Brief descriptive captions —
————

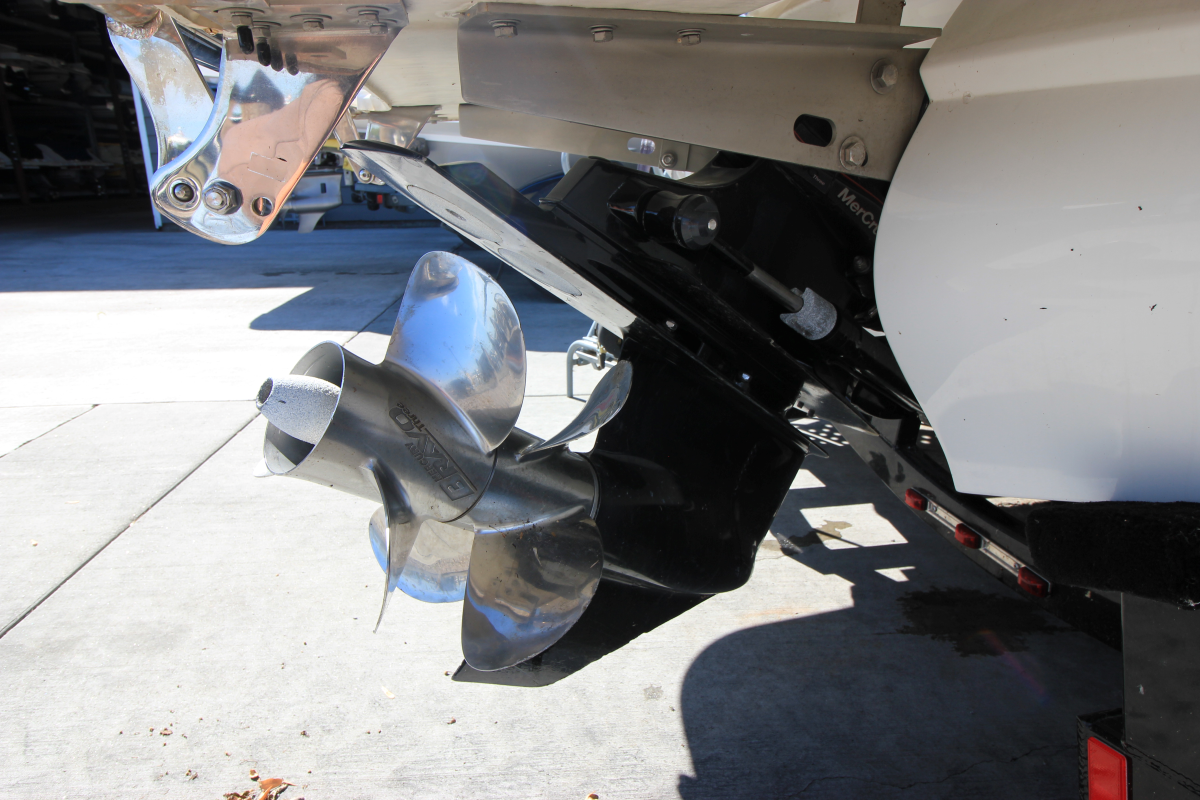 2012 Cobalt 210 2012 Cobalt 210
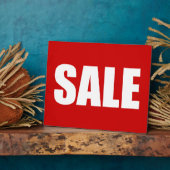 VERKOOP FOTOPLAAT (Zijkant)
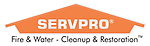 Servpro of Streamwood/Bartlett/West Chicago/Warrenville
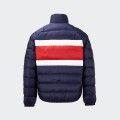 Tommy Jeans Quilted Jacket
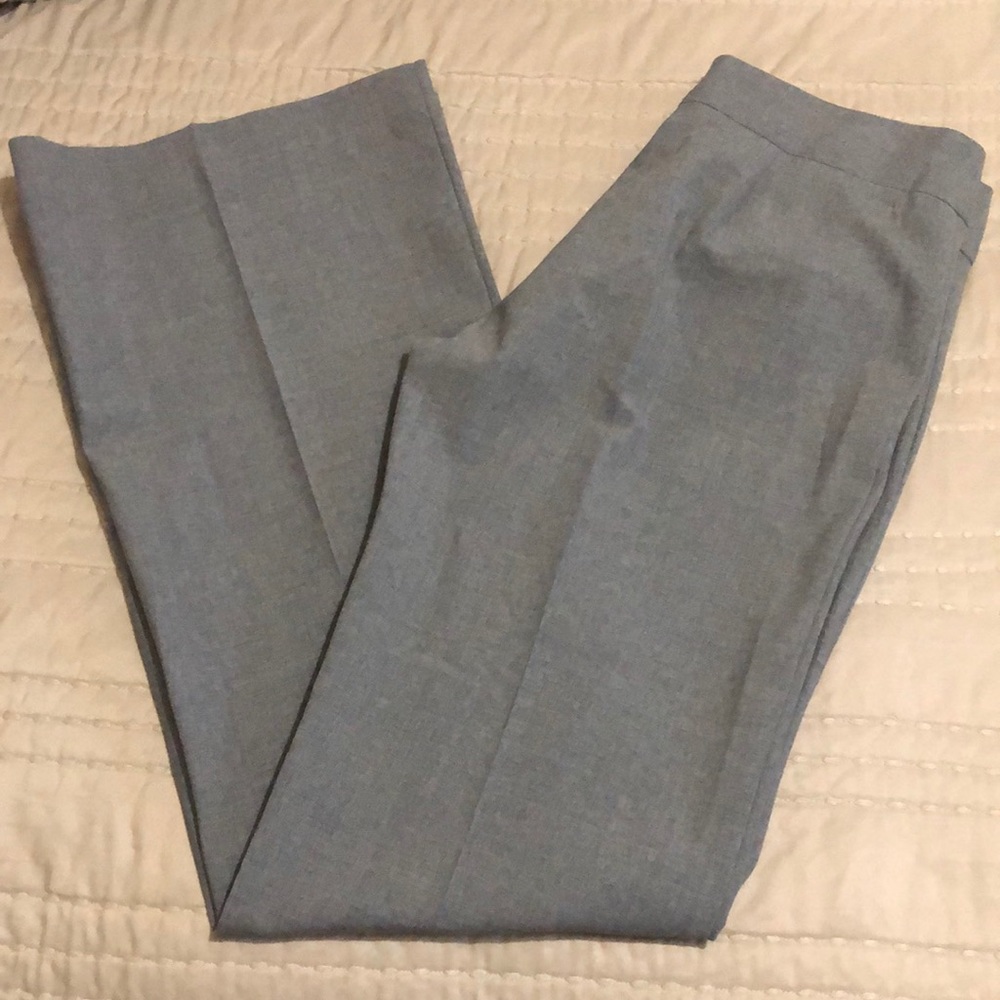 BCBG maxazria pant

————

Only an exact copy of the entries, with no pictures, is expected as the answer.

 2012 Cobalt 210 2012 Cobalt 210
 VERKOOP FOTOPLAAT (Zijkant)
 Servpro of Streamwood/Bartlett/West Chicago/Warrenville
 Tommy Jeans Quilted Jacket
 BCBG maxazria pant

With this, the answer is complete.